April 22, 2015 by Jean
When I was working, I was very engaged in my workplace – the type of faculty member who cared deeply about students, worked hard at making improvements to the institution and its curriculum, was regularly tapped to chair committees and departments, and whose opinions were respected. Based on that record, many expected me to remain deeply engaged with the institution when I retired.
Although I didn’t expect the same level of engagement that others seemed to expect of me, I also didn’t expect to react the way a close friend did when she retired a number of years ago from the directorship of an educational program that she had founded and that had been, in her words, her “life’s work.” I was shocked at how quickly she disengaged. Only a few months after she retired, when the new program director contacted her for advice, she had none to offer, explaining that she had “put all that behind her” and no longer thought about these issues. At the time, I attributed her rapid disengagement to the adverse circumstances (lack of support from top administrators) that had precipitated her retirement.
So I was surprised when, during lunch with a former colleague on my first day back visiting my former workplace, she asked me, “If you could change just one thing about the institution, what would it be?” and I heard myself responding that the question was difficult to answer because I hadn’t been giving the institution and its issues much thought. It turns out that as I moved away physically and emotionally into my new life, I too quickly disengaged.
As I spent a week in Gettysburg, however, much of it on campus and visiting with former co-workers, I found myself becoming re-engaged. I checked out the new retirement incentive package and discussed it with friends. And I found myself becoming especially re-engaged with the politics of space on campus, something I had long involvement with during my employment at the College as a member (and sometimes chair) of a department with serious space issues. As I discussed current space controversies with friends, I found myself becoming passionate about them and eloquent about the symbolic meanings of space.
Now, a week after returning home, I am wondering what I was so worked up about. Once again, physical distance seems to to have brought emotional distance. All of this leads me to think that a retiree’s engagement with or disengagement from the former workplace may be a function of on-going relationship to that workplace. Continuing to live near the former workplace, interacting regularly with those who still work there, and visiting the workplace frequently are all factors that are likely to generate continued engagement.

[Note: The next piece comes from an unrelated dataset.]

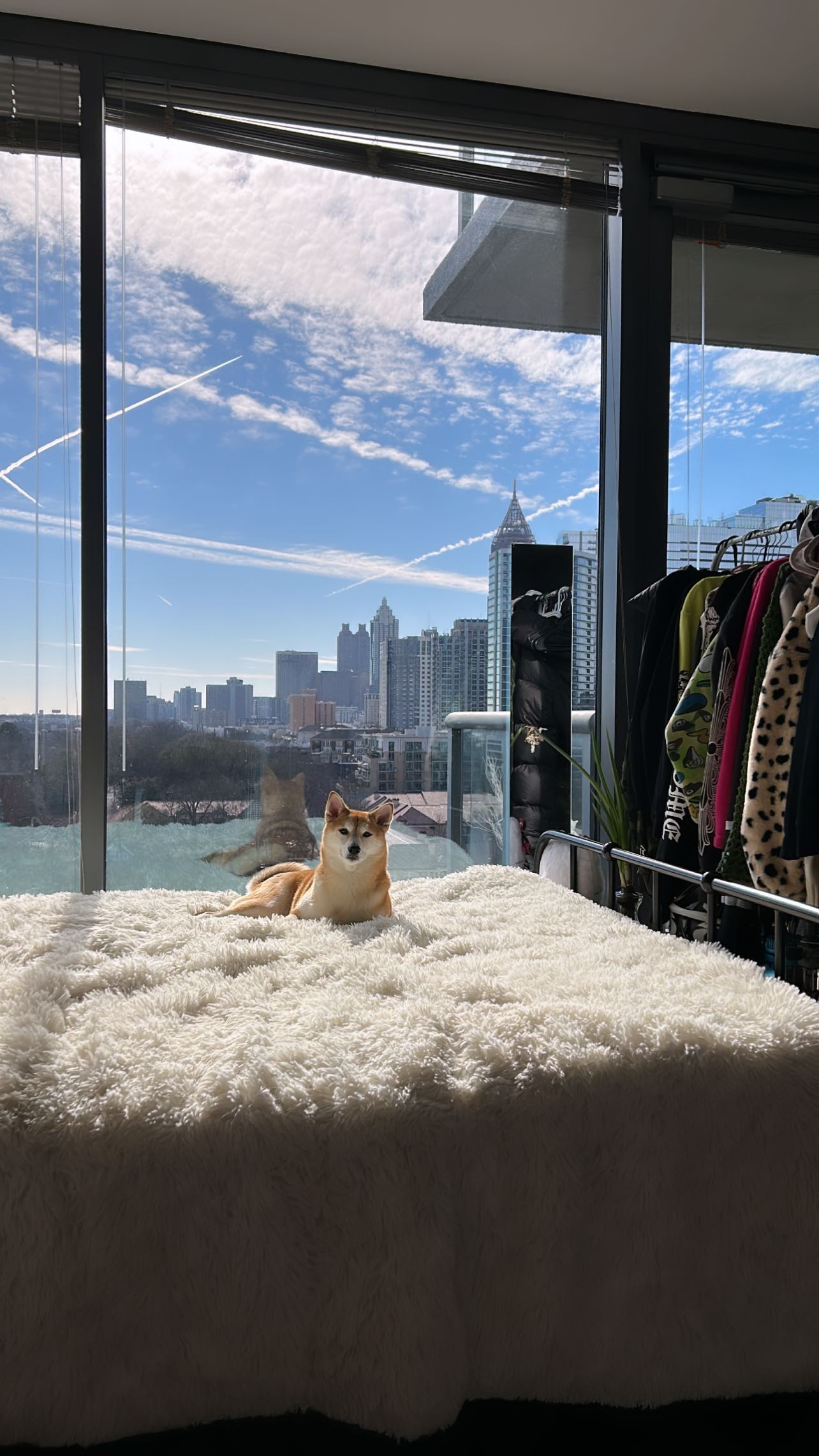 zommmbri instagram image archive image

Now I am wondering whether I will become re-engaged with an educational institution that I worked for in the 1980s, before I began my career in Gettysburg. My home in Maine is only a few miles from this early workplace, and I have a number of friends and acquaintances who work there. I also attend events on campus several times a year with some of those friends. All the members of my W.O.W. retiree group are recently retired from this same institution, and two of them are on campus regularly to use retiree office space. When we all got together for lunch yesterday, a recent campus controversy was the first topic of conversation. I can’t really imagine that I will start caring about the politics of an institution that I parted ways with decades ago. But will the years that have elapsed since I was a committed and deeply engaged member of that faculty offset the influence of proximity, interactions with employees, and visits to campus? Time will tell.